Read our popular Data Science Articles
Conclusion
Data is the currency of our age. This makes data science careers one of the fastest growing and most popular career prospects. Data Science is amongst the number one jobs in the U.S. As per the labor statistics report of the U.S, demand for skilled data scientists will rise at the rate of 27.9 percent by the year 2026. If you have analytical skills and are passionate about computers, then an advanced degree in data science is a perfect goal for your carrier. You can join any of upGrad’s Premium Data Science Courses to accelerate the chances of getting an excellent job as a Data Scientist.
If you are curious to learn about data science, check out IIIT-B & upGrad’s Executive PG Programme in Data Science which is created for working professionals and offers 10+ case studies & projects, practical hands-on workshops, mentorship with industry experts, 1-on-1 with industry mentors, 400+ hours of learning and job assistance with top firms.
All the best for your career!
Frequently Asked Questions (FAQs)
1. What are some steps to follow for becoming a data scientist?
Data Scientist is a highly in-demand job role in the market because of the increased use of data in every sector. With the increased demand, there are plenty of students considering building their careers in the field of data science.
Here is a step-by-step process to make things easier for you:
1. Take online courses and get good at machine learning, math, and statistics
2. Learn to code different languages like Python and R
3. Achieve a bachelor's degree in data science or other related fields
4. Understand database handling for effectively retrieving information from it
5. Explore the concepts of big data and its approaches
6. Take part in competitions and network with data scientists to know more about the field
7. Take up an internship for getting industrial exposure and experience in the field
By following these steps, you will be able to become a successful data scientist and also develop a bright future for yourself. Run after acquiring the skills before you start running after a job in the field of data science.
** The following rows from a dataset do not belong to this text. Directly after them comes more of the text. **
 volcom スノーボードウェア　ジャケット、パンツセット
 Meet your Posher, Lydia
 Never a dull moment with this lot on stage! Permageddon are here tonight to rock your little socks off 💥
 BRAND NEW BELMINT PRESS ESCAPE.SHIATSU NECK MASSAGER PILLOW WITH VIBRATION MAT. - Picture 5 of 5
2. Which is the best language for data science?
There are two types of programming languages being used by the programmers – low-level and high-level. Beginners in the field make use of low-level languages like machine language and assembly language. A majority of data scientists use high-level programming languages for better efficiency. Some of the widely used programming languages for data science are:
1. Python
2. JavaScript
3. Scala
4. R
5. SQL
6. Julia
Programmers use any particular programming language based on their requirements as well as their level of understanding.
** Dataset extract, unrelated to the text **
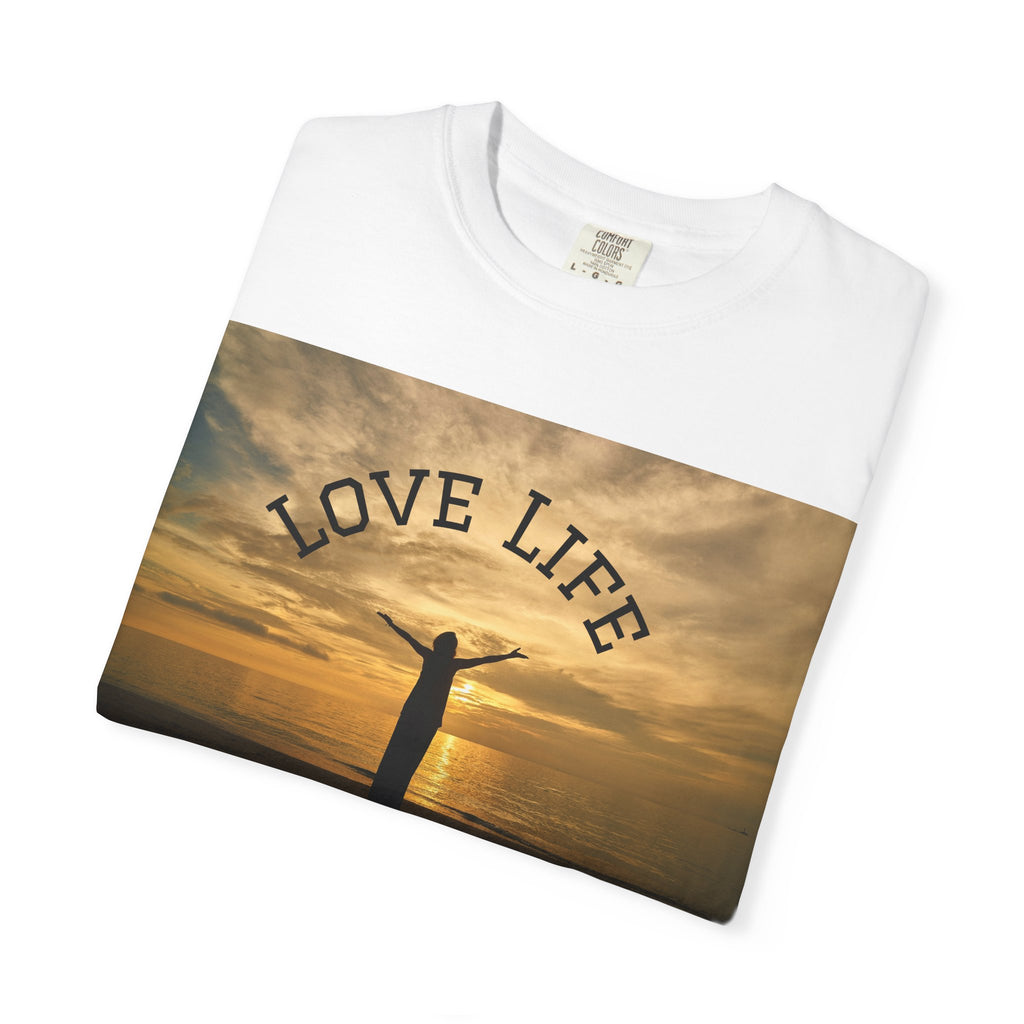 Love Life Sunset T-Shirt — Inspirational Beach Graphic Tee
3. Do data scientists utilize the C++ programming language?
Programmers are seen talking about the merits and demerits of C and C++ programming languages in concern with data science. Where Python and R are considered to be the most popular languages for data science, there are certain data science professionals seeing C and C++ as efficient and effective choices for data science.
By using the traditional C and C++ languages, developers have found them to be really useful for data science development due to their numerous opportunities. Several developers have found C++ to be the best programming language that they prefer using for data science.